Corriere della sera 27 luglio 2001
La procura: faremo luce sulla caserma di Bolzaneto

Inchiesta dopo le denunce di pestaggi, chiesto l’elenco di carabinieri e poliziotti. Il pm Pinto: chi sa parli

DA UNO DEI NOSTRI INVIATI
GENOVA - Una caserma isolata, vicino all’autostrada a Bolzaneto, appena fuori Genova. Dentro, un centro di detenzione per identificare i quasi 300 fermati prima del loro trasferimento nelle carceri del Nord: decine dei manifestanti rilasciati nella notte tra mercoledì e giovedì hanno raccontato che, in una di quelle palazzine nascoste da un muro di cemento armato, sono stati picchiati, umiliati, a volte torturati. La procura della Repubblica ha così aperto una nuova inchiesta.
È la seconda sull’attività di polizia, carabinieri, guardia di finanza e polizia penitenziaria nei giorni del vertice. Per la prima indagine, quella sulla violenta perquisizione nella sede del Genoa Social Forum e i 92 arresti non convalidati dai giudici perché senza indizi, ieri il procuratore aggiunto Francesco Lalla ha convocato il comandante provinciale dei carabinieri e il dirigente della Digos. L’ufficiale dell’Arma e il funzionario della questura dovranno fornire l’elenco di tutti i militari, gli agenti e i superiori che sabato notte hanno eseguito e diretto l’operazione terminata con 61 feriti, alcuni ancora in ospedale. Ai responsabili dei gruppi in servizio a Bolzaneto nella base del IV Reparto mobile della polizia, sarà presto chiesto di fare altrettanto. Nei due casi l’accusa, al momento contro ignoti, è di lesioni gravi, violenza privata e abuso d’ufficio.
Un’altra brutta pagina nella gestione di questo G8. Sulle violenze nella caserma di Bolzaneto, indagheranno sette magistrati del pool che si occupa di reati della pubblica amministrazione. Sarà un’inchiesta delicata perché riguarda gli abusi più gravi tra quelli denunciati in questi giorni: l’aggressione di persone non durante gli scontri di piazza venerdì e sabato pomeriggio, ma durante la loro detenzione. La procura lancia un altro appello: «È un invito esplicito ai ragazzi fermati e rilasciati e agli agenti che hanno visto, a presentarsi nei nostri uffici - spiega il sostituto procuratore Francesco Pinto -. Potranno così verbalizzare la loro testimonianza ora che i ricordi sono ancora vivi. Sarà sicuramente data priorità a questo procedimento, perché riguarda violenze subìte in stato di detenzione. Si tratta di episodi gravi».
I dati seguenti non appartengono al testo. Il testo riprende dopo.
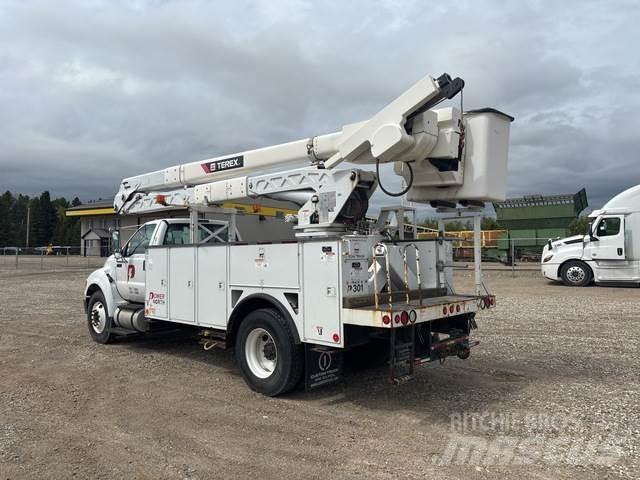 Ford F-750 Pacēlāji uz automašīnas bāzes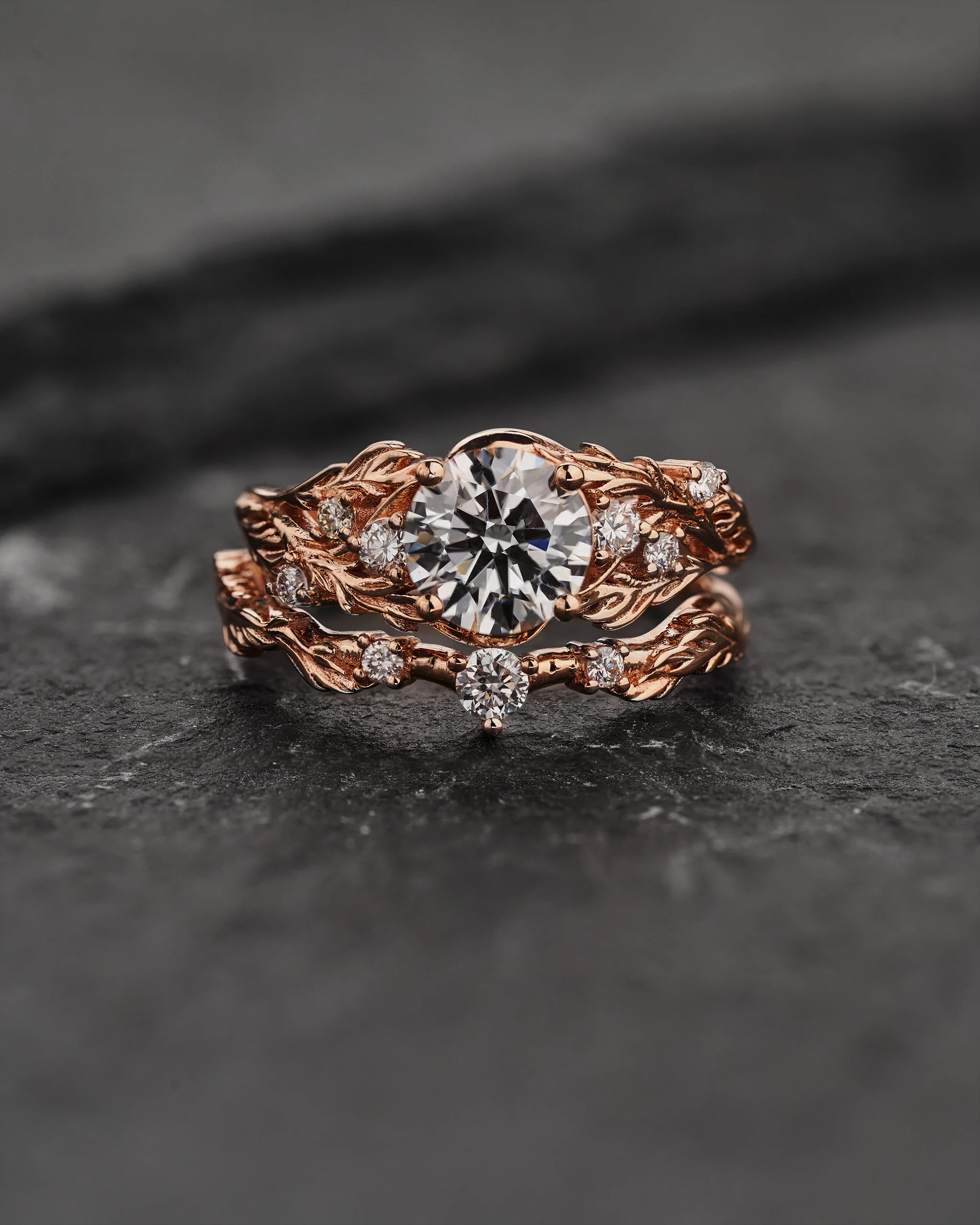 Bridal Set with Big Round Lab-grown Diamond / Japanese Maple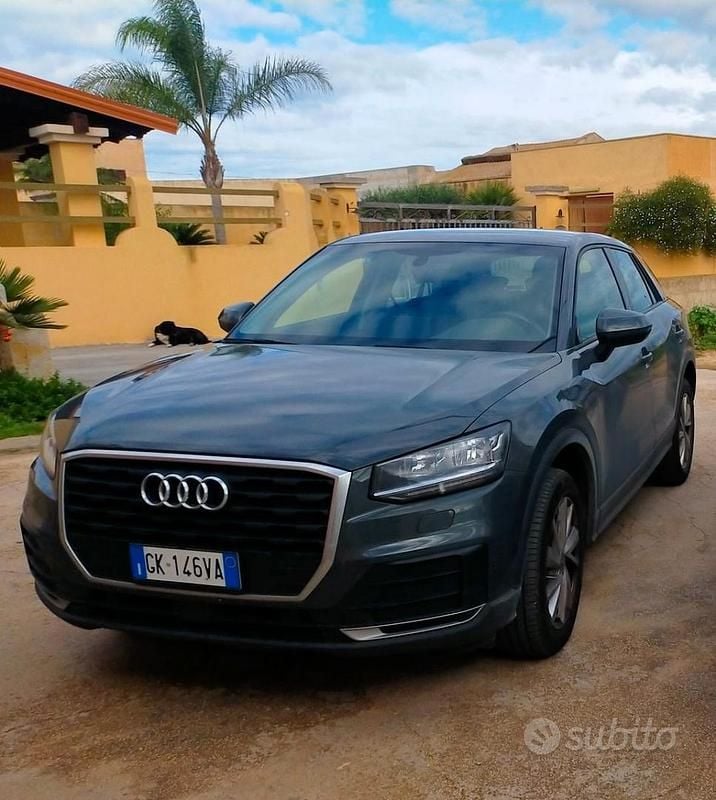 Usata Audi Q2 S-Line 116 CV (85 kW) 2022 Grigio SUV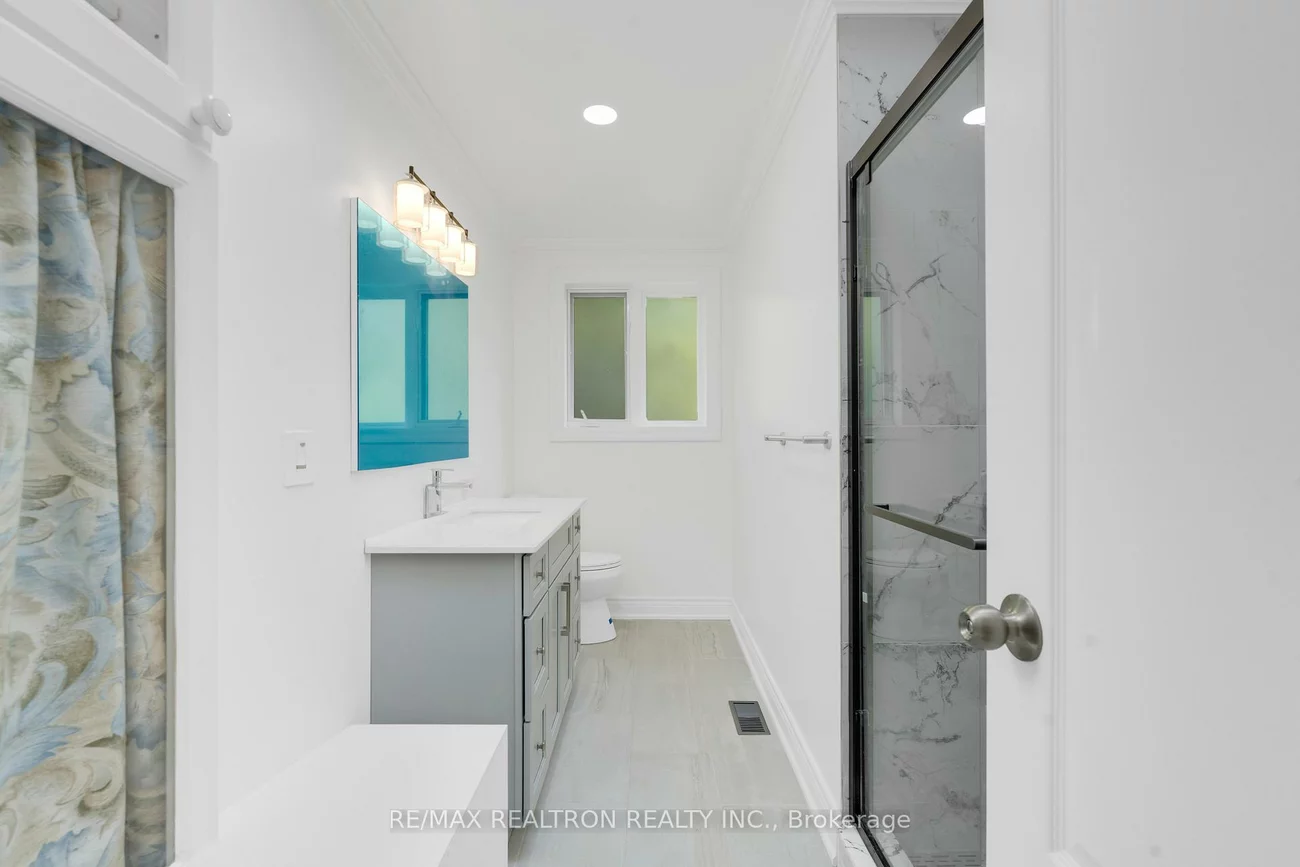 53, Knighton, Victoria Village, Toronto
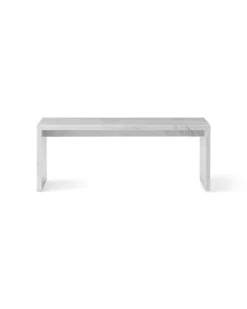 Audo Copenhagen Plinth Bridge bord, vit Carrara-marmor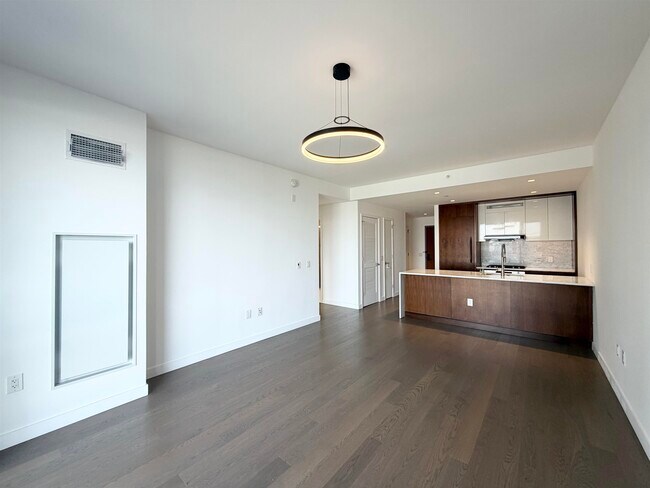 Building Photo - 75 Park Ln S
L’inchiesta è già di fronte a un problema inimmaginabile prima di tutto questo. La raccolta delle testimonianze e le indagini non potranno essere delegate alla questura, al comando dei carabinieri o alla finanza. In quegli uffici, vittime e testimoni potrebbero non sentirsi garantiti. La verbalizzazione sarà affidata al personale che lavora nel palazzo di giustizia.
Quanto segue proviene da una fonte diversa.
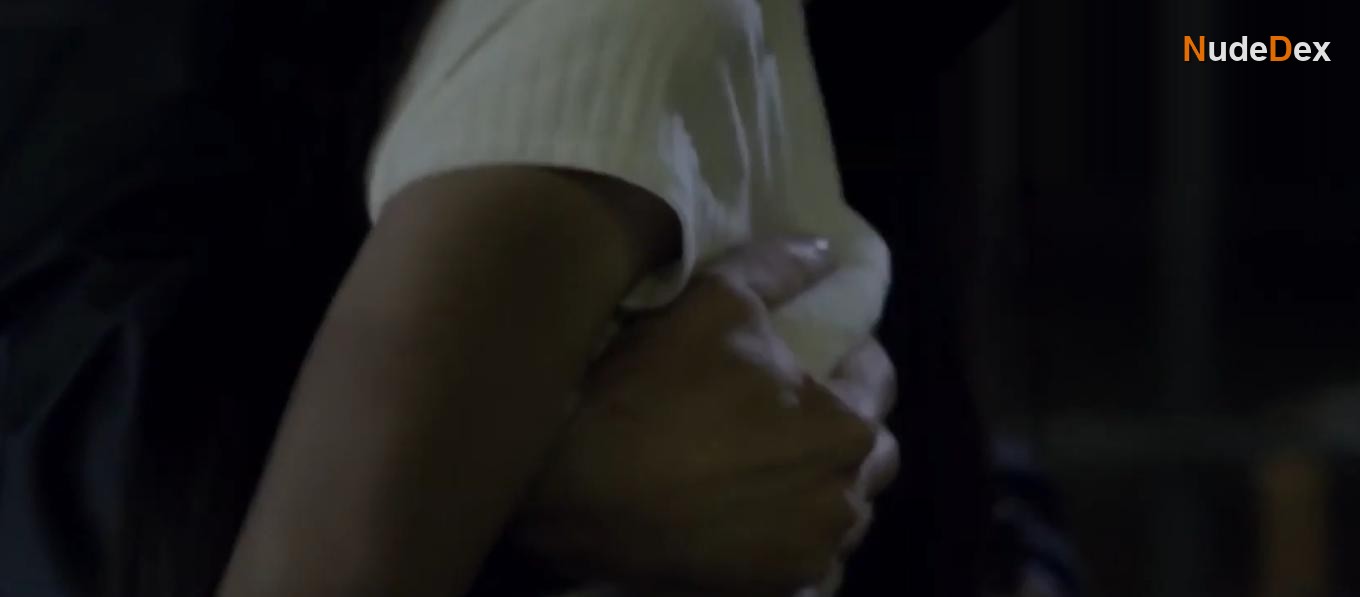 Sabrina Nunez in The Longest Night, photo 3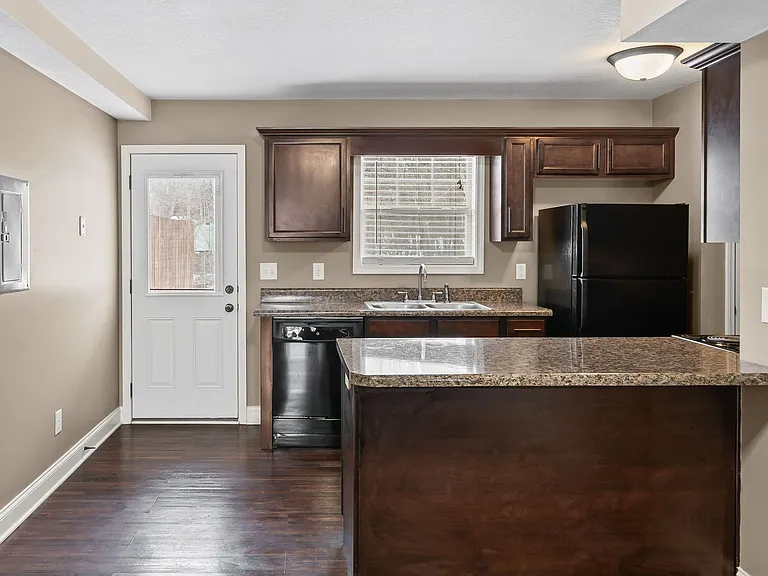 1761 Spring Water Dr #C — Photo 7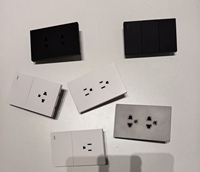 Offres Spéciales Amérique du Sud Standard 118 interrupteur de lumière en verre 1 Gang 1 voie + prise thaïlandaise pour la maison et la lumière de l'hôtel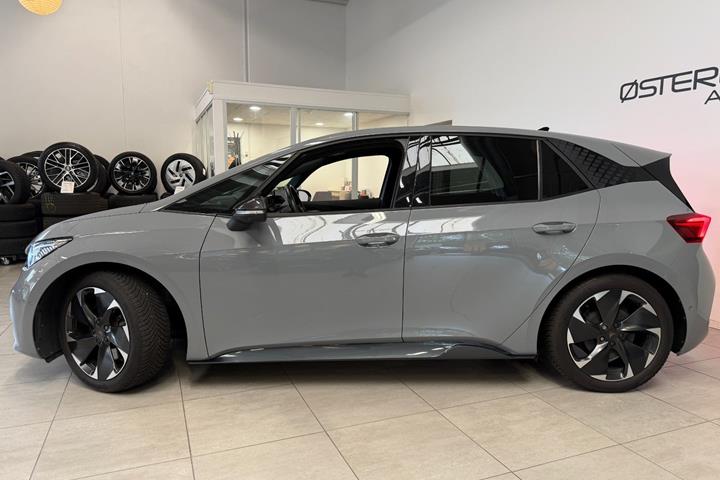 Grå Cupra Born fra 2023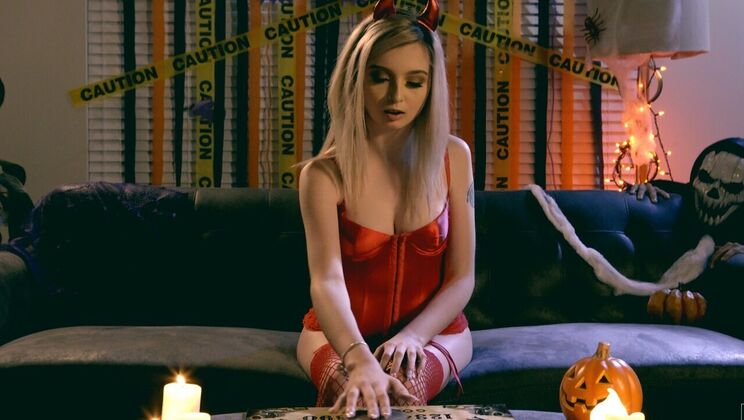 Blonde Petite Sex Machine - Ricky Spanish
Tutti i fermati nei giorni del G8 sono passati dalla caserma di Bolzaneto. Tranne i feriti ricoverati. Nella base del IV reparto mobile i manifestanti sono stati identificati con le impronte digitali e rinchiusi in una palazzina sorvegliata da agenti di polizia penitenziaria, in attesa del viaggio verso il carcere. E lì, secondo le testimonianze, sono avvenute le violenze. Con la partecipazione di poliziotti e carabinieri.
L’elenco contenuto nei racconti dei manifestanti è lungo: gas lacrimogeno sparato dentro le stanze, persone tenute in piedi per ore senza la possibilità di andare in bagno, ragazzi sbattuti più volte con la faccia contro il muro, denti rotti, calci nei testicoli. E ancora: file di agenti tra i quali i fermati dovevano passare sotto i colpi di manganello. Minacce di stupro alle donne. Botte ai disabili. L’obbligo di ripetere inni al duce e a Pinochet. A qualcuno avrebbero anche urinato addosso. Sono gli abusi di cui parlano alcuni dei ragazzi rilasciati: Massimiliano Amodio, 31 anni, di Napoli; Alfonso De Munno, 26, fotografo di Roma liberato con il volto gonfio e un piede e una costola fratturati; Anna Giulia Kutschkau, 21, tedesca; Enrico Sciaccaluga, 19, di Genova; Evandro Fornasier, 39, di Torino; Adolfo Sesma e Luis Lorente, spagnoli. Poi ci sono i tanti stranieri che non hanno potuto parlare. L’altra sera la polizia li ha attesi all’uscita dalle carceri e li ha subito rimpatriati.